“In 2017, just five of their Christian volunteers responded to nearly 1,000 emergency calls around Israel,” Poch told Breaking Israel News.
Although the number of Christian volunteers in Hatzalah is relatively low, their impact is very widely felt.
“While they may be a minority in the current makeup of Israel and in the organization, their contribution is not insignificant by any means,” stressed Poch. “These men and women are always on call and drop whatever it is that they are doing to rush out and save the life of a stranger.”
The Christian ethic of being a good Samaritan has perhaps a special meaning when it is being done in the land in which the phrase was coined,” Poch added.
Sroor Abood, one of United Hatzalah’s Christian volunteers who has been working with the organization for a year in his current hometown of Haifa, attests to the Christian ethics associated his work as an EMT for United Hatzalah.
“The organization believes in saving lives, which Christianity also believes in,” he said.
When he is not saving lives with Hatzalah, Abood is saving lives as a Doctor of Emergency Medicine in the Rambam Medical Clinic as well as in a Terem medical clinic.
Abood grew up in Peki’in, a Druze town in the Upper Galilee, and was motivated to volunteer as an EMT after seeing many of his friends and colleagues from his Terem clinic join United Hatzalah.
“I saw that it was a great way to always be able to help people and meet the people of the community,” Abood sad, reflecting back.
Abood maintains that saving lives is simply about helping people and a value superseding politics and religion.

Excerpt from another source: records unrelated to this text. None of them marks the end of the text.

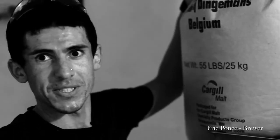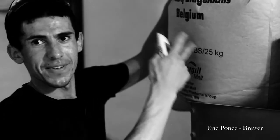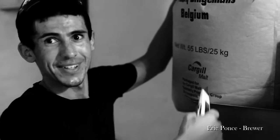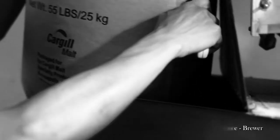Right now we're milling in for our Ten Commandments. There's a lot of specialty malt in this build. Anytime you use specialty malts they come in 50-pound sacks, meaning we have to manually put them in the mill. Right now I'm milling in some special beans.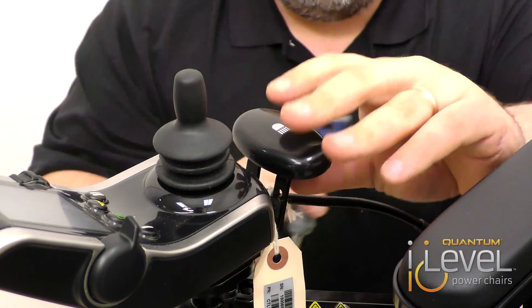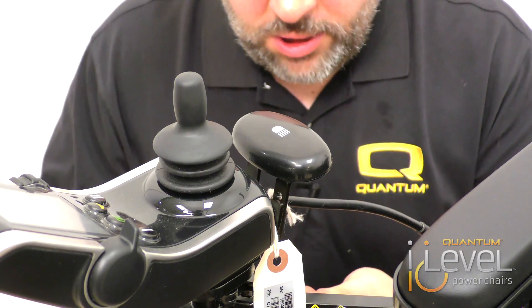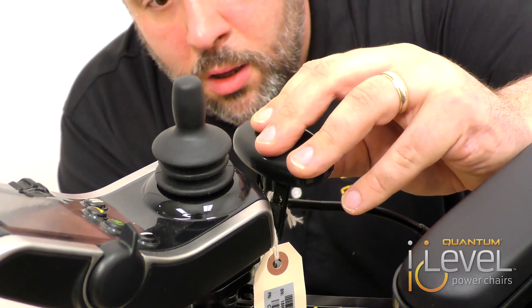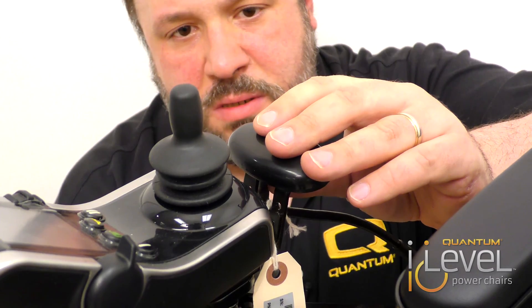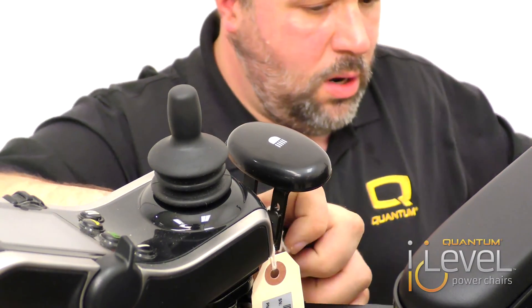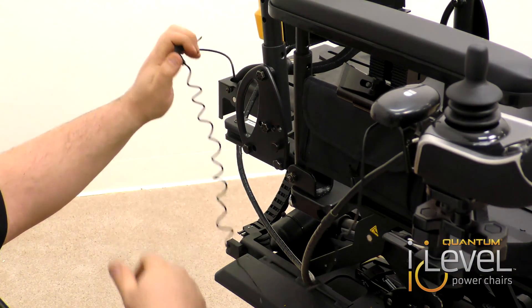We're going to use the screws that come with it to attach it right to the four-button actuator bracket. Make sure everything is nice and tight. Then you run your wire — in this case, we're going to run our wire right along the joystick wire. Then you just plug this right in.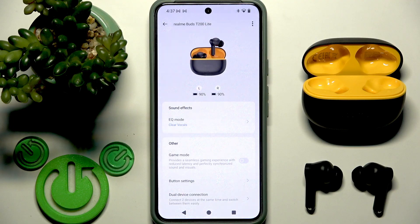The next trick is that these earbuds have game mode, so if you play games you can use it. But I don't recommend using this mode all the time, because with this mode you may have connection instability.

“I look at people without putting labels on them, saying ‘this one is a Jew, that one is an Arab,’” he stressed. “I think that this is important in the field of medicine as our place is simply to help people.”
Abood often takes the tools he learns volunteering, both literally and metaphorically, and applies them to his other work with children of special needs. “One good deed breeds another,” Abood told Breaking Israel News.
Poch is very gracious for the work of the Christian volunteers like Abood, in his organization. “Christian volunteers have always been, are now and will always be a welcome addition to the United Hatzalah family and network of first responders,” he said.
“They provide vital emergency medical response in their communities,” he continued. “The selfless devotion shown by our volunteers from all backgrounds is beyond parallel,”
Poch also said that his Christian volunteers have also fulfilled a value of utmost importance in Judaism, which is saving a Jewish life.
“As the Talmud tells us, anyone who saves a single life in Israel it is as if they have saved the entire world,” he noted. “The number of worlds our Christian volunteers have saved and the lives that they have touched are innumerable.”
“As an organization and as a people we are indebted to these volunteers who give of themselves so that others may live.”
Abood told Breaking Israel News that he is proud to be using innovative methods as a volunteer with Hatzalah, allowing him “to reach patients before the ambulance and beginning treatment as quickly as possible.”
“The whole idea of the innovation of this idea, is new and it happened here in Israel.”